Supported Controller Backends
WingLoop supports four controller integration modes:
- Python — native Python control laws; the lightest option, with computational overhead close to ASWING running standalone (~+10% over baseline)
- MATLAB — control laws via MATLAB's Python API; modest additional overhead (~+21%) with a ~3 s one-off engine startup cost
- Simulink — Simulink block diagram controllers run live; flexible but carries significant per-iteration cost
- Simulink FMU — Simulink model compiled once into a standalone binary; after compilation, runtime performance is on par with Python (~+10–12%), making it the recommended option when Simulink is required
Runtime Performance
The table below reports wall-clock benchmarks for a 300-iteration gust-response simulation (PID elevator control, Δt = 10 ms), comparing all backends against the ASWING native baseline. Overhead is the one-off startup cost; computational time is the wall-clock duration of all iterations. Timings were collected on a Dell Precision 3581 (Intel Core i7-13800H, 32 GiB RAM, Ubuntu 22.04).

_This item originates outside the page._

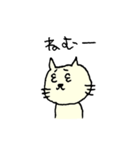 困り顔の猫（個別スタンプ：14）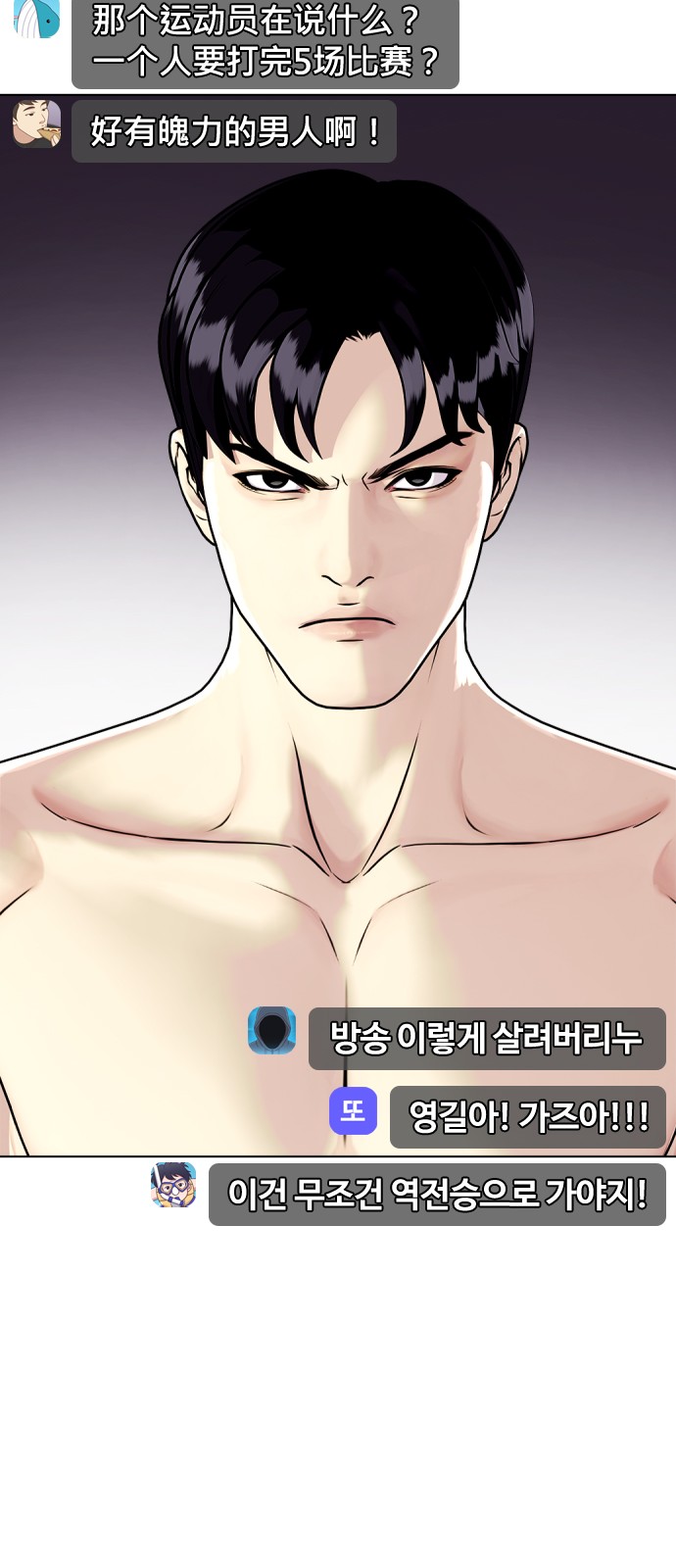 75 페이지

| Controller | Overhead [s] | Plot ON [s] | Δ ON | Plot OFF [s] | Δ OFF |
|---|---|---|---|---|---|
| ASWING native (baseline) | — | — | — | 10.70 | — |
| Python | 0.49 | 15.01 | +40.3% | 11.73 | +9.6% |
| MATLAB | 2.95 | 15.94 | +49.0% | 12.92 | +20.7% |
| Simulink (with GUI) | 18.58 | 138.0 | +1190% | 137.3 | +1183% |
| Simulink (without GUI) | 13.51 | 105.0 | +881% | 91.06 | +751% |
| Simulink FMU (recompiled) | 26.50 | 14.64 | +36.8% | 11.98 | +12.0% |
| Simulink FMU (non-recompiled) | 0.53 | 14.88 | +39.1% | 11.87 | +10.9% |
Δ columns express the percentage increase in computational time relative to the ASWING native baseline. For simple control laws, Python or MATLAB are the natural choice. When Simulink is required, the compiled FMU path recovers Python-level performance at the cost of a one-time ~26 s compilation step — which can be skipped on subsequent runs if the model has not changed. Note that enabling the live GUI adds wall-clock time across all backends, as plot rendering competes for compute time; this effect is particularly visible in the direct Simulink case.
Graphical Output
WingLoop provides two categories of graphical output. The first is a live GUI displayed during the simulation run, showing time traces of user-defined aircraft state variables and control inputs — useful for monitoring simulation progress and convergence without waiting for the run to finish. The second is a set of post-processing media tools in the WingLoop library for extracting publication-quality visuals from ASWING output data: animated videos of the aircraft flight over time, and stroboscopic views overlaying multiple timesteps into a single image to highlight structural deformation mode shapes and amplitudes. The examples below are all generated from the benchmark gust-response test case.
The WingLoop live GUI — real-time time traces of aircraft states and control inputs displayed throughout the simulation run.
Time-transient animation of a deforming flexible aircraft,
moving camera view
Stroboscopic view of a deforming flexible aircraft,
moving camera view
Reference Publication
WingLoop was presented at the AIAA AVIATION FORUM AND ASCEND 2025:
Leonardo Avoni, Murat Bronz, Jean-Philippe Condomines and Jean-Marc Moschetta. "Enhancing ASWING Flight Dynamics Simulations with Closed-Loop Control for Flexible Aircraft," AIAA 2025-3425. July 2025. https://arc.aiaa.org/doi/10.2514/6.2025-3425
License & Citation
WingLoop is released under CC BY-NC-SA 4.0 — free for non-commercial use with attribution. Commercial use requires a separate agreement; contact details are on the GitHub page. If you use WingLoop in academic work, please cite the AIAA 2025-3425 paper above.